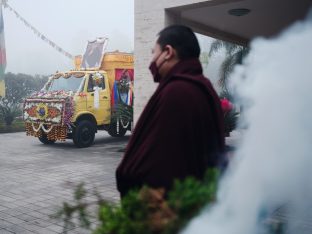 Thaye Dorje, His Holiness the 17th Gyalwa Karmapa, receives the Kudung of his father, the eminent spiritual master His Eminence the 3rd Jamgon Ju Mipham Namgyal Gyatso Tshojung Gyepe Dorje, at the Karmapa International Buddhist Institute in New Delhi. Photo: Tokpa Korlo.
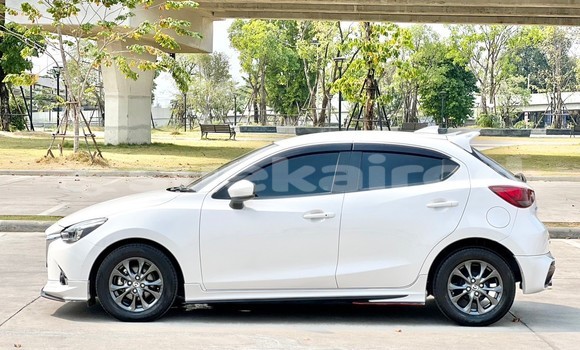 Buy Used Mazda 2 White Car in Bangkok in Bangkok Buy Used Mazda 2 White Car in Bangkok in Bangkok
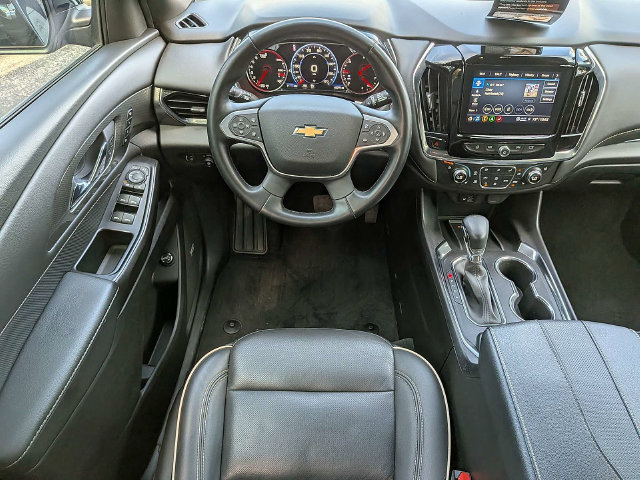 Used 2023 Chevrolet Traverse Premier FWD image 19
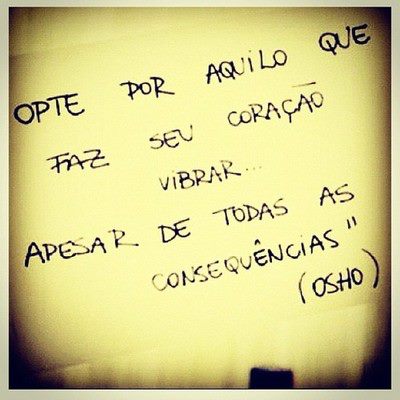 A frase "opte por aquilo que faz seu coração vibrar apesar de todas as consequências" está escrita de forma delicada na parte inferior da imagem. A cena transmite uma sensação de paz e serenidade, enquanto nos lembra da importância de seguir nossos desejos mais profundos, mesmo diante dos desafios que possam surgir pelo caminho. Uma mensagem inspiradora para quem busca viver a vida com autenticidade e paixão.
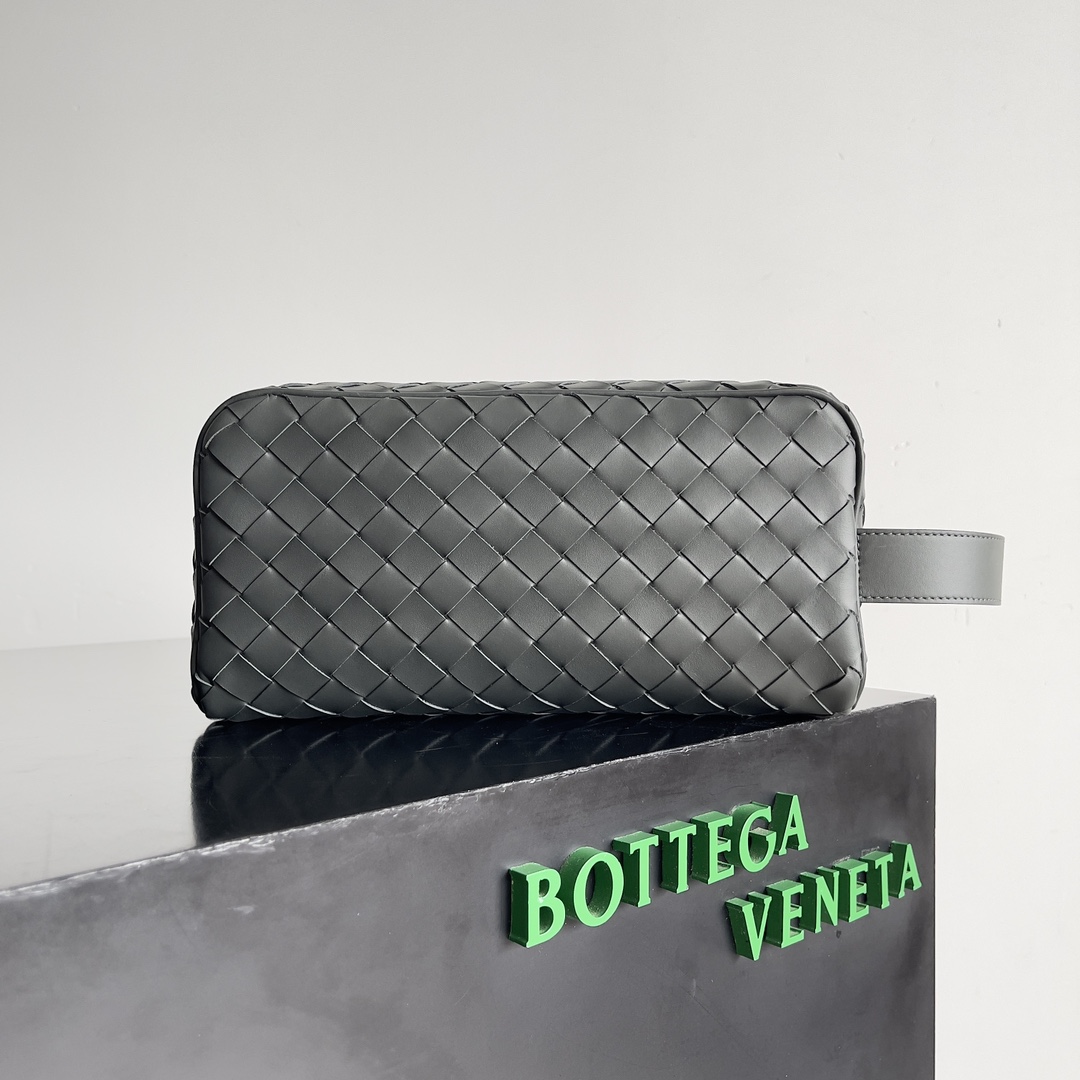 Bottega Veneta Cosmetic Bags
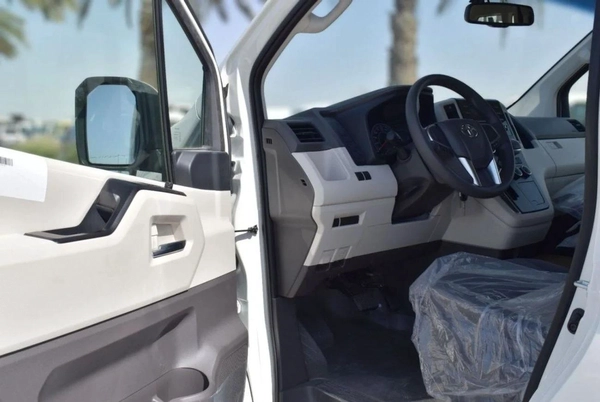 Toyota Hiace 3.5L 14 SETER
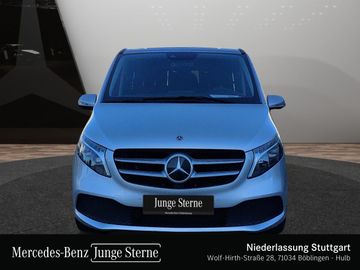 Mercedes V 220 - 3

■ ■ ■ ■ ■ ■ ■

Task goal
Please copy the entries in full. Leave each image out.

Solution to this exercise
 Thaye Dorje, His Holiness the 17th Gyalwa Karmapa, receives the Kudung of his father, the eminent spiritual master His Eminence the 3rd Jamgon Ju Mipham Namgyal Gyatso Tshojung Gyepe Dorje, at the Karmapa International Buddhist Institute in New Delhi. Photo: Tokpa Korlo.
 Buy Used Mazda 2 White Car in Bangkok in Bangkok Buy Used Mazda 2 White Car in Bangkok in Bangkok
 Used 2023 Chevrolet Traverse Premier FWD image 19
 A frase "opte por aquilo que faz seu coração vibrar apesar de todas as consequências" está escrita de forma delicada na parte inferior da imagem. A cena transmite uma sensação de paz e serenidade, enquanto nos lembra da importância de seguir nossos desejos mais profundos, mesmo diante dos desafios que possam surgir pelo caminho. Uma mensagem inspiradora para quem busca viver a vida com autenticidade e paixão.
 Bottega Veneta Cosmetic Bags
 Toyota Hiace 3.5L 14 SETER
 Mercedes V 220 - 3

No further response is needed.